* _WORK REQUIRED_
In the reply, include exactly the lines of the entries below from the first to the line with "NITEROY - Dia De Chuva - LP", that line included.

—————

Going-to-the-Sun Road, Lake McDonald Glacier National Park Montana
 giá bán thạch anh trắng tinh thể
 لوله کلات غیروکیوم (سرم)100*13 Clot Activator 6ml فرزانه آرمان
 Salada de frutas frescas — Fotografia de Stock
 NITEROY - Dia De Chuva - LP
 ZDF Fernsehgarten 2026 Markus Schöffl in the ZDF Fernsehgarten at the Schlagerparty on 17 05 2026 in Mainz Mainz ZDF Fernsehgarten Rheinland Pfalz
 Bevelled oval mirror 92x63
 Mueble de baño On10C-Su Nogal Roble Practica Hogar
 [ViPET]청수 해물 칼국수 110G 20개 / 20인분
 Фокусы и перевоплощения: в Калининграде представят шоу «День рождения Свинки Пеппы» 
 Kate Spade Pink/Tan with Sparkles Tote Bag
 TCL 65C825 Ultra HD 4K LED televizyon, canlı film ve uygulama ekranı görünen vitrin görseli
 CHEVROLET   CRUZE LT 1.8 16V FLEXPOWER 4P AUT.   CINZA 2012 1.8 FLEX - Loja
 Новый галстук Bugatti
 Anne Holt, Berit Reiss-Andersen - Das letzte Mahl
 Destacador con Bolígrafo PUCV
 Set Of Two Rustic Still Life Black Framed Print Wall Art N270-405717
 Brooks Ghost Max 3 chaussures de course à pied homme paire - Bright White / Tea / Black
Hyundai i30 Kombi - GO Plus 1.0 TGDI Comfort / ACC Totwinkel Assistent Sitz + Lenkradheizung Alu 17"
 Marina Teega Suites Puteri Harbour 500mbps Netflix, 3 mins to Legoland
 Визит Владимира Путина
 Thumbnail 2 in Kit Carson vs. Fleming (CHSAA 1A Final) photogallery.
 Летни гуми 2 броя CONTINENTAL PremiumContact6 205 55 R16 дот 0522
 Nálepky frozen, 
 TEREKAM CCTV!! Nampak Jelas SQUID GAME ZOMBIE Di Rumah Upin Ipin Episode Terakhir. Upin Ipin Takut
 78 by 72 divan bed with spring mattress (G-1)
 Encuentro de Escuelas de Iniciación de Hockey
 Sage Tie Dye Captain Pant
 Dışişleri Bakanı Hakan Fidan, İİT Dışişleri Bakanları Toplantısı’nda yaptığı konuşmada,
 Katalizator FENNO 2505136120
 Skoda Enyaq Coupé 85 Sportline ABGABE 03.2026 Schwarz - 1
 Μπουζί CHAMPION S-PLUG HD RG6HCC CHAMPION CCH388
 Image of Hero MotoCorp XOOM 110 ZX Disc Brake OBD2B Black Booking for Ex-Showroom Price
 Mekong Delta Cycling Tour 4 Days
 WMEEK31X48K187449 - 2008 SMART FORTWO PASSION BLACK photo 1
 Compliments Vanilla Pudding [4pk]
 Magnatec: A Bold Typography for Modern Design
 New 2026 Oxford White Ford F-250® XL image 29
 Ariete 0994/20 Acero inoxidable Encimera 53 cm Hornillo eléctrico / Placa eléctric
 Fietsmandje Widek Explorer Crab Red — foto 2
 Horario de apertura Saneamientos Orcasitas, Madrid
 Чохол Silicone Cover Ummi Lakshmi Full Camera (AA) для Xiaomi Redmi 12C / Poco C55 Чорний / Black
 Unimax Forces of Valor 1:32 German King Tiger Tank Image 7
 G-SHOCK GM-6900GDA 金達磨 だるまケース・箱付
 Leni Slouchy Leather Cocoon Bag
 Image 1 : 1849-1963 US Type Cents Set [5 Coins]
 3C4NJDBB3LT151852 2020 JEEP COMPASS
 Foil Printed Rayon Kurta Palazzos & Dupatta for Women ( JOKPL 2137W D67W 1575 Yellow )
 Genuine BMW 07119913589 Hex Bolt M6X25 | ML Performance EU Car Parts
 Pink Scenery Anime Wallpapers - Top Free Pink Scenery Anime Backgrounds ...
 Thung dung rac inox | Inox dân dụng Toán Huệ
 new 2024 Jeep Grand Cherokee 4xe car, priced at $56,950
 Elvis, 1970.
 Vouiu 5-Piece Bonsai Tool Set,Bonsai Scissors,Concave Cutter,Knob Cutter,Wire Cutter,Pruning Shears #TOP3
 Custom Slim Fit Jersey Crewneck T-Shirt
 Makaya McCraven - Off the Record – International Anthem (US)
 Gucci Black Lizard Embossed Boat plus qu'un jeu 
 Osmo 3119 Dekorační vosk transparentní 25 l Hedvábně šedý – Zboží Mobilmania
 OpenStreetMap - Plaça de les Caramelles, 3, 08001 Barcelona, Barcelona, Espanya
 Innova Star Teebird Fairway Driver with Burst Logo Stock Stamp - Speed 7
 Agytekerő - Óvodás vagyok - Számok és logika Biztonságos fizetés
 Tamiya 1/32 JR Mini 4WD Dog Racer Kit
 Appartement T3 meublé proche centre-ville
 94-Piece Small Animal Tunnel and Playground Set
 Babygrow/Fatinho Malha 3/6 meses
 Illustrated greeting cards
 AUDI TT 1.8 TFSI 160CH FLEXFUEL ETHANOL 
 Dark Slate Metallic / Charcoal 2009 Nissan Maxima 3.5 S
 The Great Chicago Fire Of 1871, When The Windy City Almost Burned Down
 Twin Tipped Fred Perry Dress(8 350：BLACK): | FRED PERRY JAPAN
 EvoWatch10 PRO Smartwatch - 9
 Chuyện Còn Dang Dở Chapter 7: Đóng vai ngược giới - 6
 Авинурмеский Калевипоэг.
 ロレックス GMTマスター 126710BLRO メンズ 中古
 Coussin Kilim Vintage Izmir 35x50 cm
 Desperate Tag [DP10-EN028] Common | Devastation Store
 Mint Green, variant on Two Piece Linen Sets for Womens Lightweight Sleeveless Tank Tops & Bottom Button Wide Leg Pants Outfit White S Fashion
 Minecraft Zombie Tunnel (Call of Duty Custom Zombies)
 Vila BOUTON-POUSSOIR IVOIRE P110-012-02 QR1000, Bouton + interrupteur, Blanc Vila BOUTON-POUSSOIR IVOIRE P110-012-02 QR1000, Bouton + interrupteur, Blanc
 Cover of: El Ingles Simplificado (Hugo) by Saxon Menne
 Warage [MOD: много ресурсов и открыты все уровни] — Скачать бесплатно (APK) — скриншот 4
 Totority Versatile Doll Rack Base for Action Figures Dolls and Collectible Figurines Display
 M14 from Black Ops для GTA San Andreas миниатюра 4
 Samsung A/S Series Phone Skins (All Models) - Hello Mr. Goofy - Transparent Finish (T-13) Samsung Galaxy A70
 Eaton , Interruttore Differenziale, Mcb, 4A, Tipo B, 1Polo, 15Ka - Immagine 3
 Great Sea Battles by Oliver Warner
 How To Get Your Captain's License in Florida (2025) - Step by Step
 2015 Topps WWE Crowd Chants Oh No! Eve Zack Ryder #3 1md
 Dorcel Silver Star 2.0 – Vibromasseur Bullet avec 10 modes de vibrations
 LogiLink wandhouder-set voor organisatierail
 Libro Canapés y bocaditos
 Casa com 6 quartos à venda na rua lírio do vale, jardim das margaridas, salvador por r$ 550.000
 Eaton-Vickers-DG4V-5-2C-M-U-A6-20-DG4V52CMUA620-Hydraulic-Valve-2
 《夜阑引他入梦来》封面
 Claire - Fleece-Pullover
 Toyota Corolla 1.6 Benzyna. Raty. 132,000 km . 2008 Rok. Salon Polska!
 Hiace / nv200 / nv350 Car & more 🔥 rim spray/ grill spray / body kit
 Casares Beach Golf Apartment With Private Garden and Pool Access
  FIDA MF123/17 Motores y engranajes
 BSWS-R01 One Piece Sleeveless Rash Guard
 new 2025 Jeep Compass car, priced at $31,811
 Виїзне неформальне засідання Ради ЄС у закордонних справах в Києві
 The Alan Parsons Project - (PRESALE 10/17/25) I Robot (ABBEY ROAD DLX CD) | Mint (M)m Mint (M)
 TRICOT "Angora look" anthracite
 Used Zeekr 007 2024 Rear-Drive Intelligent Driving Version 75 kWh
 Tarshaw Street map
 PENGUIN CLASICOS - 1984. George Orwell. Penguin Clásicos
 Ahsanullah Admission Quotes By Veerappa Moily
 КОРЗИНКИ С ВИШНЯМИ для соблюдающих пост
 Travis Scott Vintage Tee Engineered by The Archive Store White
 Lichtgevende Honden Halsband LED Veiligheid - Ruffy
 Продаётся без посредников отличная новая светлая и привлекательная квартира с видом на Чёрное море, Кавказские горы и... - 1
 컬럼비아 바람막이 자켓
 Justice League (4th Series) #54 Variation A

—————

* _EXERCISE RESULT_
Going-to-the-Sun Road, Lake McDonald Glacier National Park Montana
 giá bán thạch anh trắng tinh thể
 لوله کلات غیروکیوم (سرم)100*13 Clot Activator 6ml فرزانه آرمان
 Salada de frutas frescas — Fotografia de Stock
 NITEROY - Dia De Chuva - LP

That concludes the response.